James Aumonier (British, 1832-1911) was an English landscape painter.
In 1891 Aumonier visited Venice and the Venetian Alps. He became associate of the Royal Institute of Painters in Water-colours in 1876, and was one of the original members of the Institute of Oil Painters. In 1889 he was awarded a gold medal for water-colour in Paris, and a bronze medal for oil painting at Adelaide. He also received a silver medal at the Brussels exhibition in 1897. There was an exhibition of his water-colour drawings at the Leicester Galleries in 1908, and another of his work in oils as well at the Goupil Gallery in March 1912.

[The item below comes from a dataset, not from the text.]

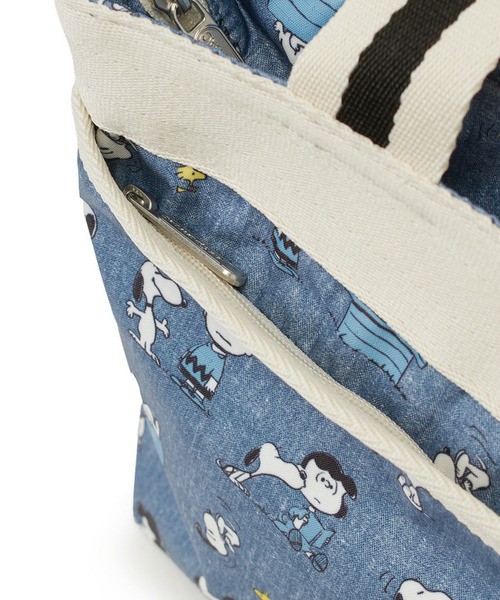 LeSportsac(レスポートサック)の「SMALL BUCKET TOTE ピーナッツハッピーパルズ(トートバッグ・レディース・ブルー・FREE)」の8枚目の写真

Aumonier exhibited for the first time at the Royal Academy in 1871, but continued his work on calico until after 1873, when Sir Newton Mappin purchased a picture shown by him at the Royal Academy, An English Cottage; Home. He concentrated himself on peaceful English countrysides, specially with autumn tints or during late afternoon. His pictures included When the Tide is Out, The Silver Lining of the Cloud (both in the Royal Academy of 1895), In the Fen Country, The Old Sussex Farmstead, and Sunday Evening. Sheep Washing was in the Chantrey bequest collection at the Tate Gallery, which also owned his painting Black Mountains. Aumonier exhibited at the third annual exhibition held at the Carnegie Institute in Pittsburgh in 1898/9 his landscape “A Sussex Hayfield”.